The last thing you need to hear, when your country has been shaken by an earthquake, flattening buildings, destroying infrastructure, and killing tens of thousands, is that it is somehow your fault. Or more precisely, the fault of your ancestors. Yet that is precisely what a "renowned" Christian pastor would have you believe, based on a apocryphal story and his own brand of bigotry.

According to Pat Robertson, host of The 700 Club, the people of Haiti made a "deal with the Devil" in order to throw off the shackles of oppression of their French masters. Apparently, only by employing the forces of darkness, were Haitians able to overthrow the French and declare independence from "Napoleon the Third." Or someone like that; Rev. Robertson was more than a bit hazy on the history.

Actually, the freeing of Haiti from oppression was due, in part, to the French Revolution, which inspired the Haitians to clamor for freedom from slavery and French rule. in 1793, when France and Great Britain went to war, the British invaded and the French commissioners there, to secure the help of the locals, abolished slavery in the territory. It was the beginning of independence for Haiti, and a now distant bright memory against the backdrop of death and devastation.

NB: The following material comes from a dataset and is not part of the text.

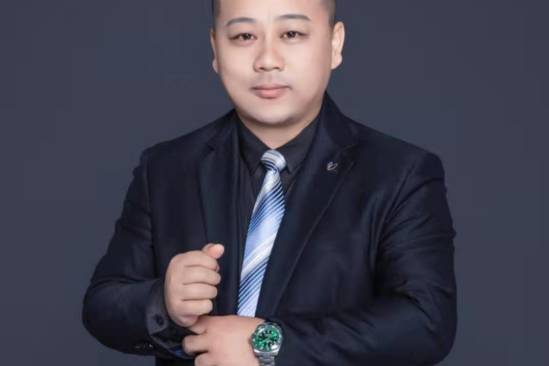 魏巍(大艾集團營運長) 魏巍(大艾集團營運長)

That a "Christian" minister would not only base his premise on apocryphal and false information is nothing new; the Spanish Inquisition, the Salem Witch Trails, the death of Jean d'Arc... throughout history, it has always been easier to look on those considered "different," and fear them for their difference. This is, at the root, bigotry and discrimination, neither concept being anything new. Haiti is an 80% Catholic nation, and perhaps because they hew so closely to the mother church, upon which many a Christian sect looks unfavorably, it is easy to take up the "they got what's coming to them" screed.

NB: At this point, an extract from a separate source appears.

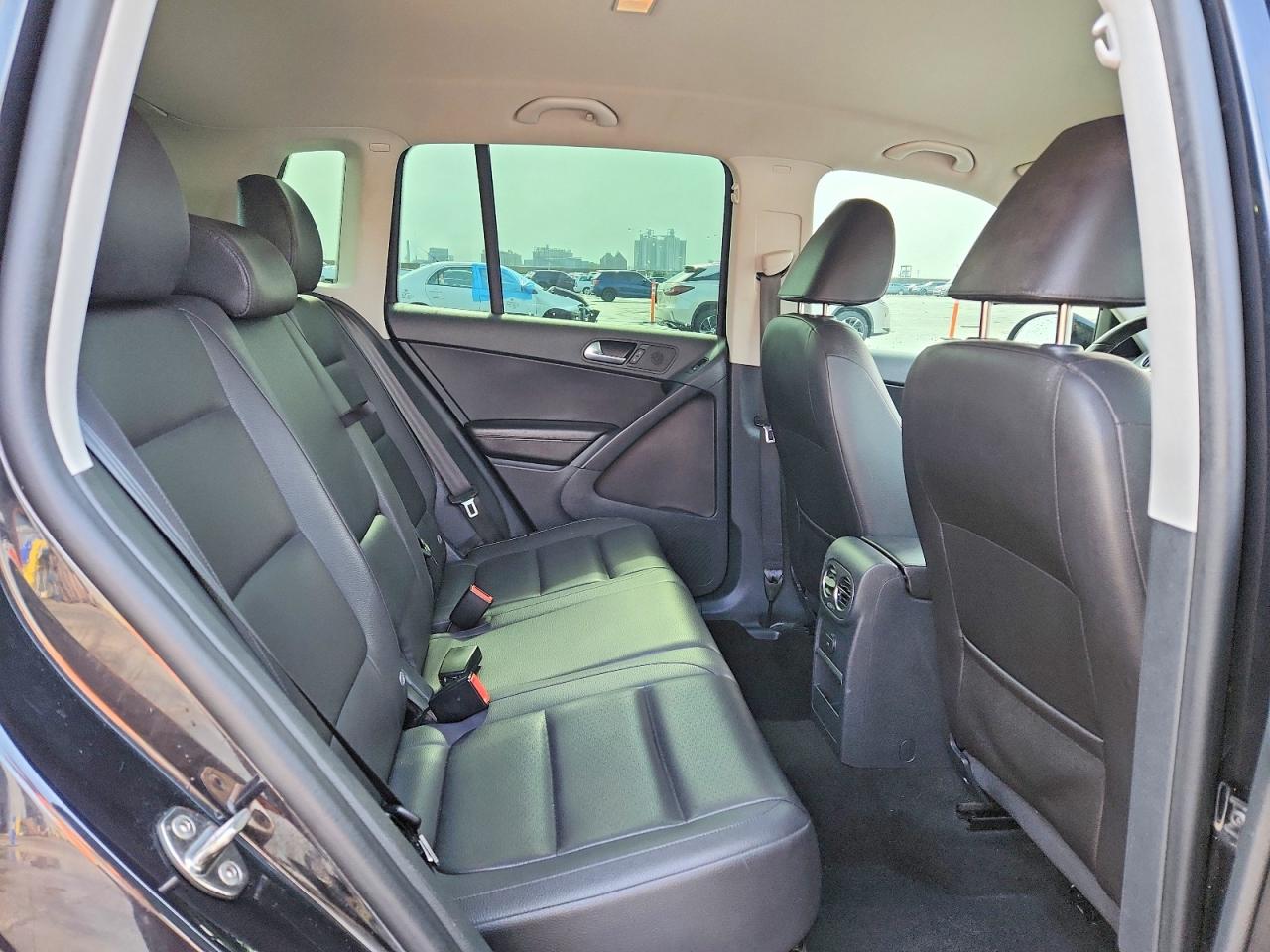 2017 VOLKSWAGEN TIGUAN S photo 11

Of course, Reverend Robertson is merely taking advantage of the First Amendment, which protects his hateful and hypocritical speech, as well as providing him the ability to worship whatever way he chooses. It could easily be said that had he made his remarks anywhere else, there might have been a greater swell of indignation. Perhaps it is because he has made such remarks in the past; perhaps the American people are simply used to people doing this and have become a bit blasé.

I suspect that Reverend Robertson has not read his Bible lately, or he might have come across this, from Luke 13:1:

"Now there were some present at that time who told Jesus about the Galileans whose blood Pilate had mixed with their sacrifices. Jesus answered, "Do you think that these Galileans were worse sinners than all the other Galileans because they suffered this way? I tell you, no! But unless you repent, you too will all perish. Or those eighteen who died when the tower in Siloam fell on them—do you think they were more guilty than all the others living in Jerusalem? I tell you, no! But unless you repent, you too will all perish."

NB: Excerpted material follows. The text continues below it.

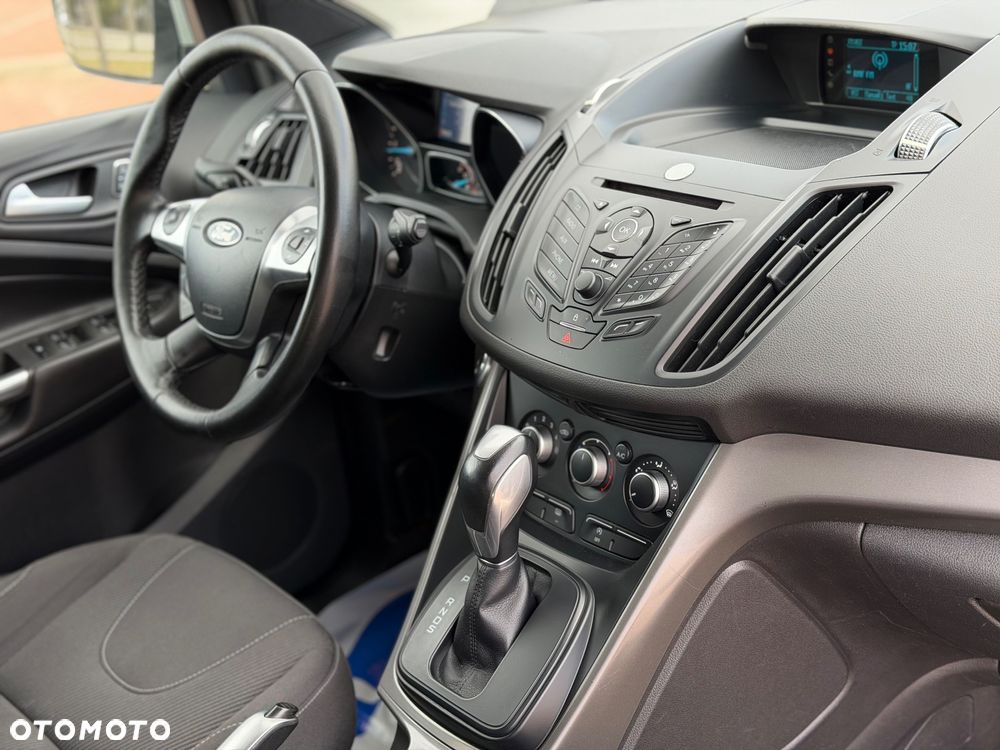 Ford Kuga 2.0 TDCi AWD Titanium - 10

And it will require repentance for Pat Robertson to see the gates of Heaven, for to claim to worship Jesus Christ, Lord and Savior, on the one hand while ignoring his teachings on the other, is to incur a penalty most grave. While Jesus wanted people to follow his way, he knew it could not simply be imposed. First, the weakest amongst us had to be brought up from the gutter. The most wicked amongst us must be reformed. The richest amongst us must help the poorest; the wounds of the sick and the dying must be tended. Jesus knew that for anyone to be able to believe in God, his father, they must first know that his followers were earnest, nonjudgmental, and willing to extend them kindness and compassion. There must be a uniting of humanity.

So let preachers and pundits and purveyors of anger and hatred peddle their wares, for they alone are responsible for the stain it places upon their soul. We, who believe in higher purpose, greater good, and human duty, do not need their ilk, for we shall rise up and reach down, to take the hands of the hungry, the tired, the sick, the destitute, and the devastated, and raise them up, too. In the end, we will represent humanity, long after the words of the wicked have mixed with the dust on the ground.